ГОРАЛИК В качестве актера?
КУЗЬМИН Ну да. И примерно полгода играл там какие-то совсем крохотные роли, на одну-две реплики, но в большей степени смотрел на то, что происходит, а главной звездой этого театра был тогда Алексей Кортнев. Потом он придумал группу «Несчастный случай», заслуживавшую куда более широкого признания, потом стал сниматься в рекламе, клипах и каких-то бессмысленных шоу, а тогда он играл все главные роли у Славутина и пел дуэтом с Валдисом Пельшем (Пельш доучивался на философском, я с ним пересекался в этом самом отряде дружинников, где он тоже состоял, а Кортнева к этому моменту, кажется, уже выгнали с мехмата). Пели они мило и славно, но драматическим актером он был, по моему тогдашнему впечатлению, просто блестящим. Поскольку речь идет о середине 80-х, то главной постановкой в этот момент было что-то такое по драматургу Шатрову, в чем Кортнев играл Ленина. Было ему года двадцать два – двадцать три, он был огромный, еще не лысеющий, без грима, без ничего, в каком-то свитере – и через пять минут спектакля или репетиции я как зритель про все это забывал, потому что натурально видел перед собой Ленина (ну конечно, мифологического такого Ленина, в рамках позднейшего извода советской агиографии).
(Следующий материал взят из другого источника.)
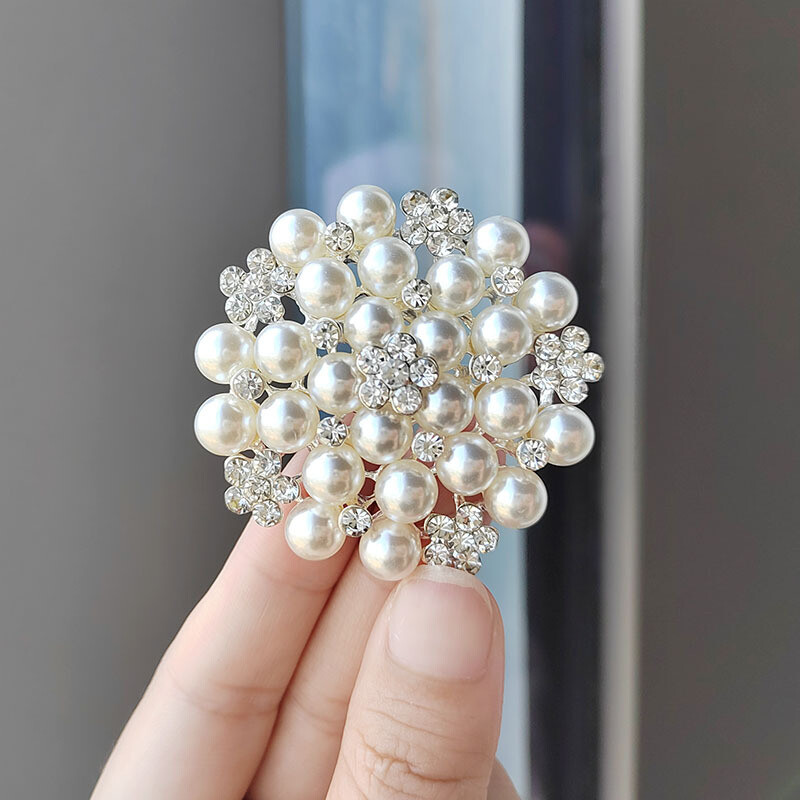 Exquisite Women Men Fashion Flower Pearl Brooch Badges Elegant Lady Classic Pin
Ну и угадайте, чем все закончилось?
КУЗЬМИН Практически. Славутин поссорился со своим заместителем и выгнал его, а я решил, что в этом конфликте заместитель – пострадавшая сторона, и ушел вместе с ним в знак протеста. И тот пытался вести какую-то мелкую студию в мелком ДК, но это уже не имело никакой перспективы. Моя театральная карьера, к сожалению, на этом завершилась.